FACTS : a criminal complaint was filed in the Municipal Trial Court (MTC) of
Tarlac City on March 23, 1994, charging petitioner Henry Uy with violation of
Article 189 (Unfair Competition) of the Revised Penal Code.

On January 30, 1995, the court issued a warrant of arrest against petitioners.
On July 10, 1995, petitioners were arraigned, assisted by counsel, and
pleaded not guilty to the charge.

Petitioners, through counsel, waived the pre-trial conference on October 25,
1995. The initial trial was set on November 27, 1995.

However, it was only on February 26, 1996 that the first witness of the
prosecution, Atty. Estavillo of the NBI, testified.

In October 1996, this Court issued Administrative Order (A.O.) No. 104-96
providing, inter alia, that the RTC shall have exclusive jurisdiction over
violations of Articles 188 and 189 of the Revised Penal Code and Republic
Act (R.A.) No. 166

Despite the administrative order of the Court, the MTC continued with the
trial. Gloria P. Tomboc, Analyst of the Bureau of Food and Drugs
Administration (BFAD), testified on August 25, 1997

On December 12, 1999, the prosecution filed its formal offer of evidence. In
the meantime, on October 22, 1999, Atty. Joselito L. Lim had moved to
withdraw his appearance as counsel for petitioners;15 the court had granted
the motion on October 25, 1999; and the new counsel of petitioners,
Balbastro and Associates, had entered its appearance on November 24,
1999.

On February 15, 2000, the court resolved to admit the documentary evidence
of the prosecution. On March 10, 2000, petitioners, through their new
counsel, filed a Motion for Leave to File Demurrer to Evidence

In its Resolution dated May 16, 2000,22 the court held that there was prima
facie evidence which, if unrebutted or not contradicted, would be sufficient to
warrant the conviction of petitioners. However, the court ruled that the RTC
was vested by law with the exclusive and original jurisdiction to try and
decide charges for violation of R.A. No. 166 as amended by R.A. No. 8293

The City Prosecutor forwarded the case records to the Clerk of Court of RTC,
Br. 63, Tarlac City.23 On June 19, 2000, the RTC ordered the City
Prosecutor to conduct the requisite preliminary investigation and to file the
necessary Information if he found probable cause against petitioners.

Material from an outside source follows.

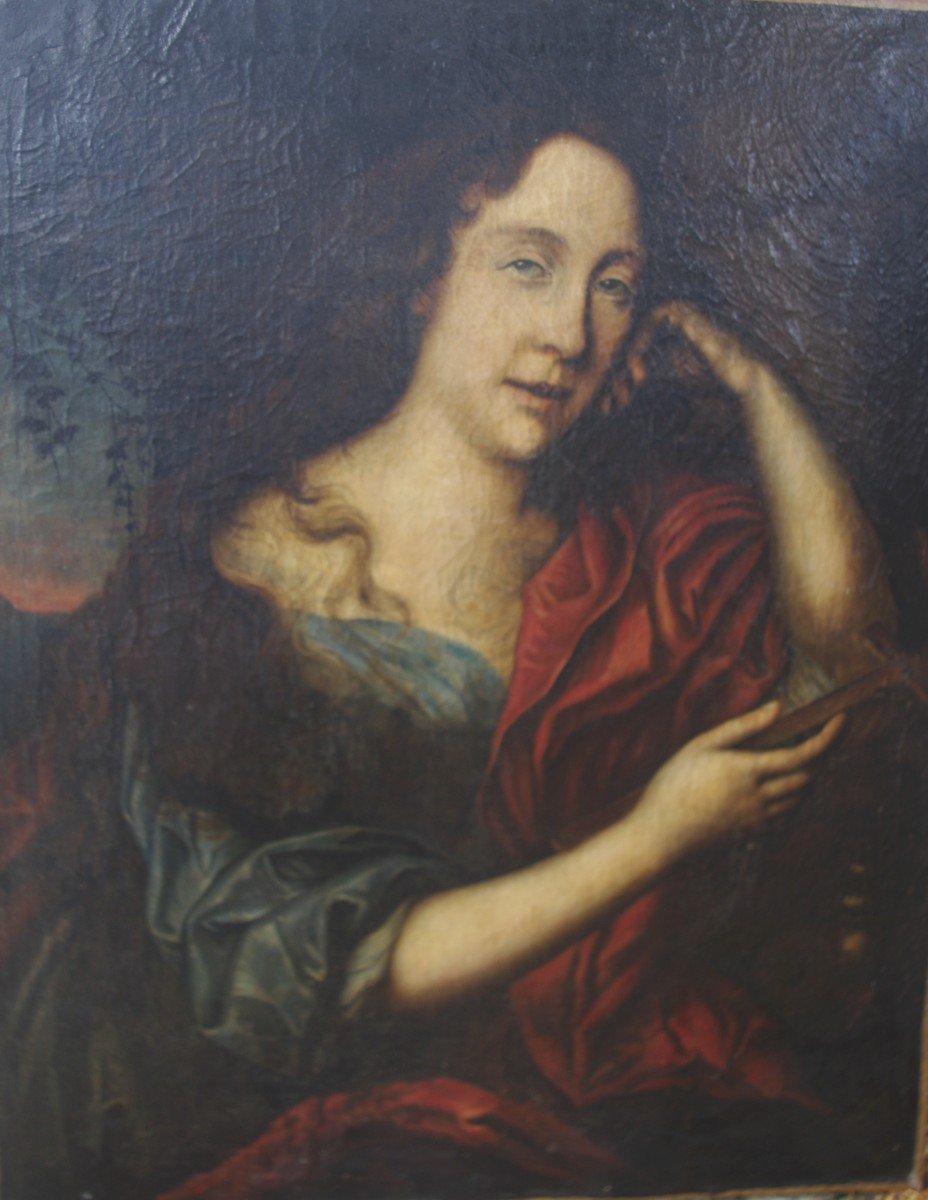 Marie Madeleine , école Française Du 17ème Siècle, Huile Sur Toile 82cm Sur 65cm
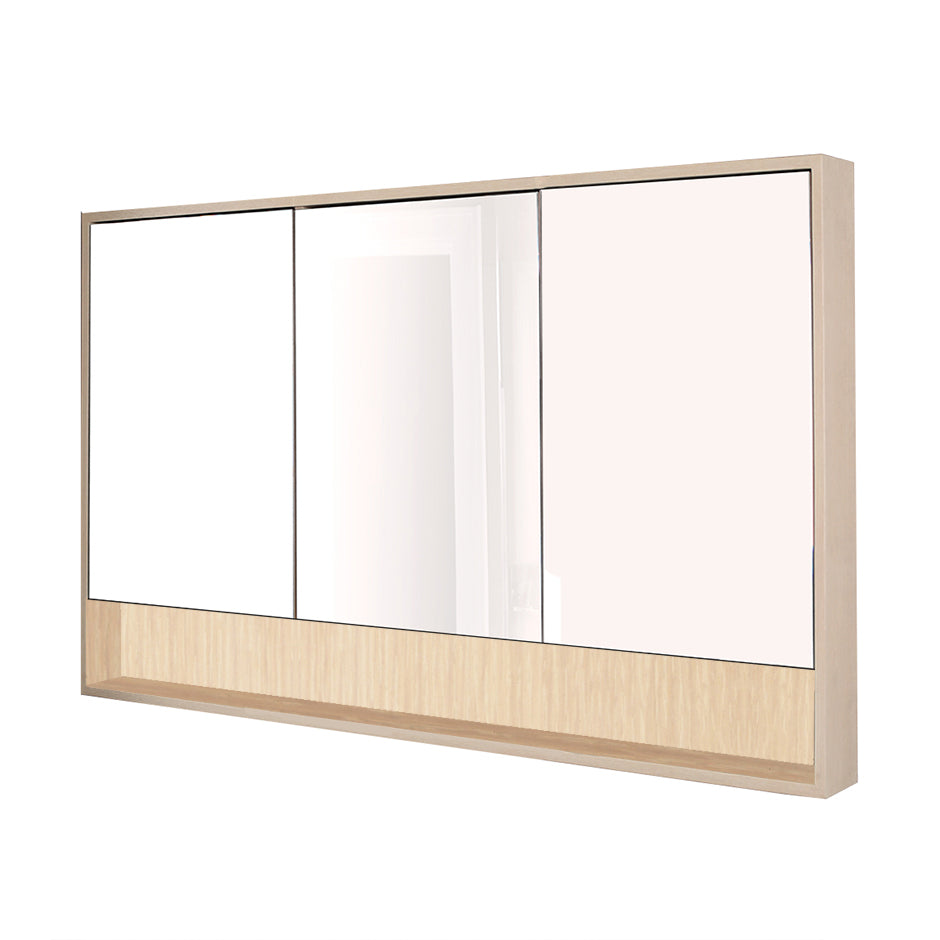 Surface-mount medicine cabinet with three mirrored doors, three adjustable glass shelves in each section and LED lights in cubby.  W: 53", D: 5", H: 34". - Maison&Co.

The City Prosecutor found probable cause based on the findings of the MTC
in its May 16, 2000 Resolution that there was a prima facie case against
petitioners.24 He filed an Information in the RTC on July 18, 2000 for
violation of Article 189 of the Revised Penal Code.25 The Information reads


Petitioners filed a Motion to Quash the Information,27 alleging that their
rights to due process and speedy trial had been violated

On September 8, 2000, the court issued an Order denying the motion to
quash.

ISSUE : WON the right to speedy disposition of the case has been violated

HELD : Not only the petitioners but the State as well were prejudiced by the
inordinate delay in the trial of the case. It took the prosecution more than four
years to rest its case after presenting only three witnesses.

The mistake of the City Prosecutor and the failure of the MTC to dismiss the
case motu proprio should not prejudice the interest of the State to prosecute
criminal offenses and, more importantly, defeat the right of the offended party
to redress for its grievance. Significantly, petitioners do not attribute to the
prosecution or to the MTC any malice aforethought or conscious disregard of
their right to a speedy trial; nor have substantially proven the same by clear
and convincing evidence. Hence, absent showing of bad faith or gross
negligence, delay caused by the lapse of the prosecution is not in itself
violative of the right to a speedy trial.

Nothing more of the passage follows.